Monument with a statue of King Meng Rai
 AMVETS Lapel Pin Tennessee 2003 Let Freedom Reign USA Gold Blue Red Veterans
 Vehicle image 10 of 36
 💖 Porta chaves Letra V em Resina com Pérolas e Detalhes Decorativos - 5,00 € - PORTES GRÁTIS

● EXERCISE DETAILS: What is needed is an exact reproduction of the data.

● EXERCISE RESPONSE:
Monument with a statue of King Meng Rai
 AMVETS Lapel Pin Tennessee 2003 Let Freedom Reign USA Gold Blue Red Veterans
 Vehicle image 10 of 36
 💖 Porta chaves Letra V em Resina com Pérolas e Detalhes Decorativos - 5,00 € - PORTES GRÁTIS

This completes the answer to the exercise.